-- GIVEN DATA --
☆ ☆ ☆ ☆ ☆ ☆ ☆
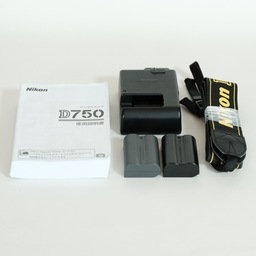 Nikon D750
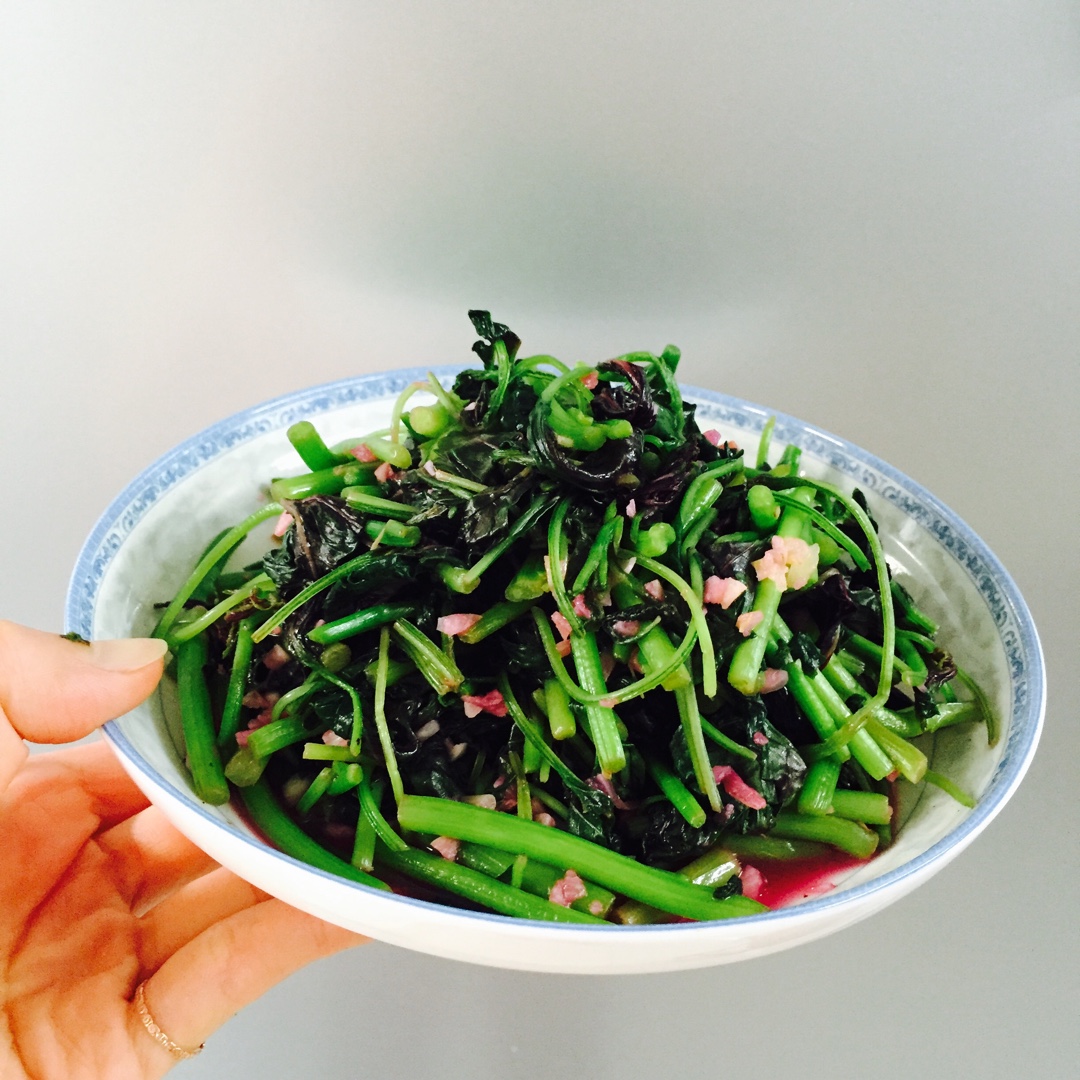 蒜茸炒红苋菜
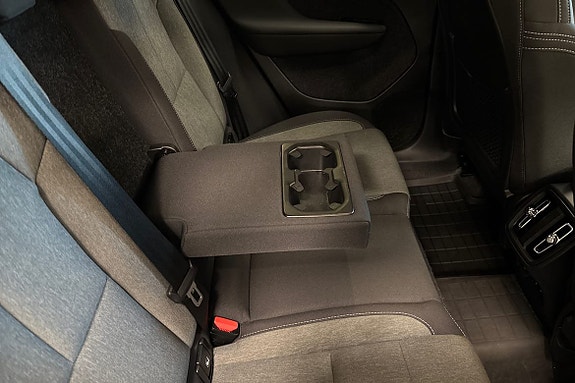 Volvo XC40 17 of 20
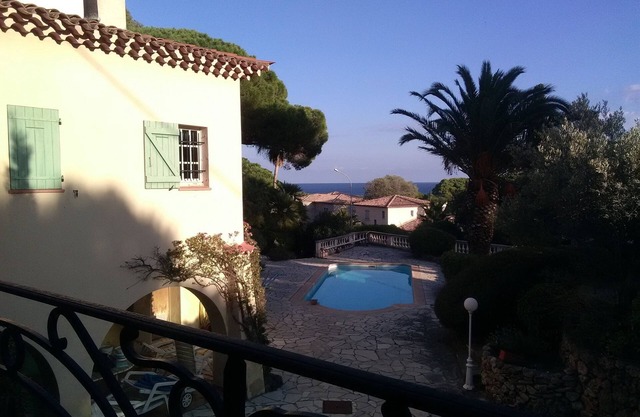 Peaceful 1930s villa just a stone's throw from the sea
☆ ☆ ☆ ☆ ☆ ☆ ☆
Copy the listing exactly. Leave the pictures out.

-- ANSWER BOX --
 Nikon D750
 蒜茸炒红苋菜
 Volvo XC40 17 of 20
 Peaceful 1930s villa just a stone's throw from the sea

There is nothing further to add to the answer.